Skin Lesion Classification Using Ensembles of Multi-Resolution EfficientNets with Meta Data

Code for team DAISYLab's participation in the (ISIC 2019 challenge).

We achieved first place in both tasks: (Leaderboards).

Arxiv paper: https://arxiv.org/abs/1910.03910

Please cite our MethodsX article if you make use of our work: https://doi.org/10.1016/j.mex.2020.100864

Usage

Here, we explain the basic usage of our code. Note that we used additional datasets that need to be prepared in a similar way. Most of it is based on our last year's approach.

Data and Path Preparation

The images' and labels' directory strucutre should look like this: /isic2019/images/official/ISIC_0024306.jpg and /isic2019/labels/official/labels.csv. The labels in the CSV file should be structured as follows: first column contains the image ID ("ISIC_0024306"), then the one-hot encoded labels follow.

Other datasets such as the 7-point dataset need to be formatted in a similar way. I.e. there needs to be a "sevenpoint" folder (instead of "official") for the images and a "sevepoint" folder for the labels with the properly fromatted label files.

Our split for training/validation with 5-Fold CV is included in the "indices_isic2019.pkl" file. This should be placed in the same directory as /isic2019. Note that we do not use a test set.

In pc_cfgs we include an example for a machine specific cfg. Here, the base folder can be adjusted for different machines.

In the cfgs folder, there example configs. You can swap out models by using the names given in models.py. For the EfficientNets we used the recommended resolution from the paper --> https://github.com/lukemelas/EfficientNet-PyTorch.

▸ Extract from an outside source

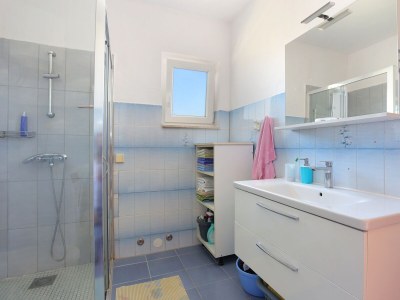 Apartment Three bedroom apartment with terrace and sea view Arbanija, Čiovo A-1125-a - Outdoor photo 32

When training a model with additional meta data, you need the prepared meta data file in the meta_data folder. The meta_data folder is structured similar to the images or labels folder (one subfolder for each dataset).

Training a model

We included two example config files for full training and 5-Fold CV. More details on the different options, e.g. for balancing and cropping, are given in the paper. To start training, run: python train.py example 2019.test_effb0_ss gpu0

gpu0 indicates the number of the GPU that should be used for training. This is helpful for machines with multiple GPUs.

Evaluate a model

For model evaluation, there are multiple options. First, a 5-Fold CV model can be evaluated on each held out split. For evaluation of same-sized cropping model (see paper for explanation), run: python eval.py example 2019.test_effb0_ss multiorder36 average NONE bestgpu0

multiorder36 indicates that ordered, multi-crop evaluation with 36 crops should be performed. Always use 9, 16, 25, 36, 49... etc. number of crops. average indicates the predictions should be averaged over the crops (can also be vote). best indicates that the best model obtained during training should be used. Can be last to use the last model saved.

When evaluating a model with random-resize option (see paper for explanation), run this instead: python eval.py example 2019.test_effb0_rr multideterm1sc4f4 average NONE bestgpu0

If final predictions on new, unlabeled images should be performed, add the path to said images at the end of the evaluation call: python eval.py example 2019.test_effb0_ss multiorder36 average NONE bestgpu0 NONE /home/Gessert/data/isic/isic2019/images/Test

Each evaluation run generates a pkl file that can be used for further ensemble aggregation.

Construct an Ensemble

Testing ensembles is also split into two parts. First, an ensemble can be constructed based on 5-Fold CV error and the corresponding best models are saved. Then, the final predictions on a new dataset can be made using the generated files from the evaluation section.

For 5-Fold CV performance assessment, run: python ensemble.py /path/to/evaluation/files evalexhaust15 /path/to/file/best_models.pkl The first path indicates the location where all evaluation pkl files are located. evalexhaust15: eval indicates that 5-Fold CV evaluation is desired. exhaust15 indicates that the top 15 performing models should be tested for their optimal combination. I.e., every possible combination (average predictions) of those models is tested for the best performance. Without the exhaust option, only the top N combinations are considered, i.e., the tested combinations are: top1 model, top1+top2 model, top1+top2+top3 model, etc. The last argument indicates the path where the best performing combination is saved.

For generation of new predictions for unlabeled data, run: python ensemble.py /path/to/evaluation/files best /path/to/file/best_models.pkl /path/to/predictions.csv /path/to/image/files best indicates that only the models with best in the name should be considered. This relates to the evaluation where either the best performing model or the last checkpoint can be used for generation. This can be last or bestlast for both. The next argument is the path to the file that was generated in the first ensemble run. This can just be NONE if all models should be included. The next argument is the path to the CSV file that should contain the predictions. The last argument is the path to the image files which is used to match the predictions to image file names.